*WHAT IS BEING ASKED*
Where the listing below reaches the line containing "Item preview, Bavarian", start writing out lines exactly, and stop once the line containing "Poppleton Ousebank Primary" has been written.

*INFORMATION GIVEN*

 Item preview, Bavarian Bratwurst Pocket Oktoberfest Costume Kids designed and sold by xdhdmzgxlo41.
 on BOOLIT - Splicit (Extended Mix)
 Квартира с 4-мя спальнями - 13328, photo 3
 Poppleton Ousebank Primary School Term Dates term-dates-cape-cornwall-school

==

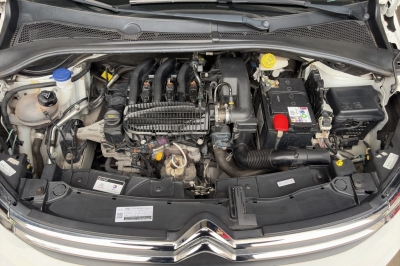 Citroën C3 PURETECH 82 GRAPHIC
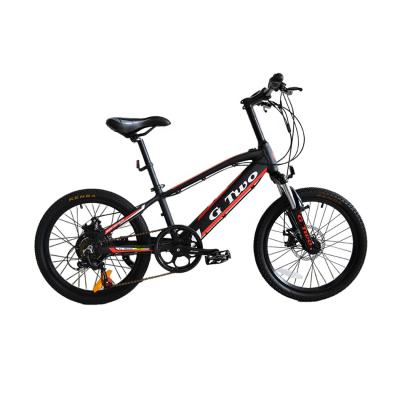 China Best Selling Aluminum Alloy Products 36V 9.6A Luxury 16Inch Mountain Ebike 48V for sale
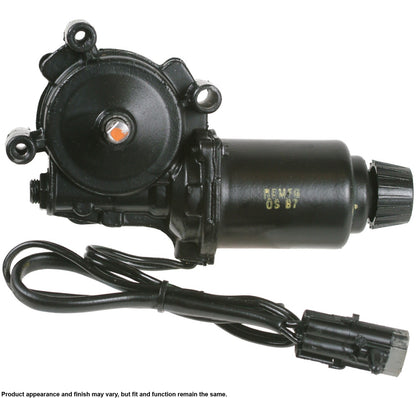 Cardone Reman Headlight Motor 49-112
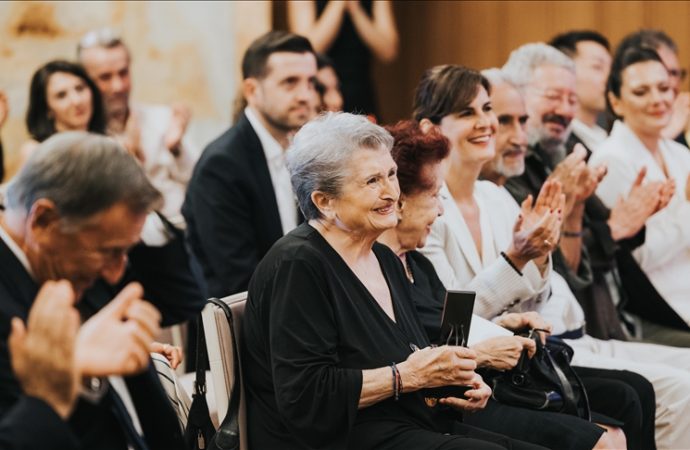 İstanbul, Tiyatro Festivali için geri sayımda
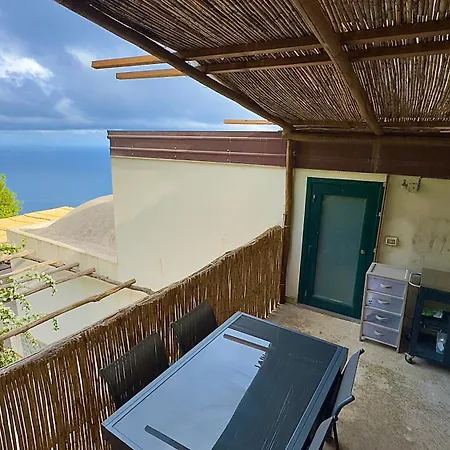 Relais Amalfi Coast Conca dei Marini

*RESPONSE TO THE EXERCISE*
 Item preview, Bavarian Bratwurst Pocket Oktoberfest Costume Kids designed and sold by xdhdmzgxlo41.
 on BOOLIT - Splicit (Extended Mix)
 Квартира с 4-мя спальнями - 13328, photo 3
 Poppleton Ousebank Primary School Term Dates term-dates-cape-cornwall-school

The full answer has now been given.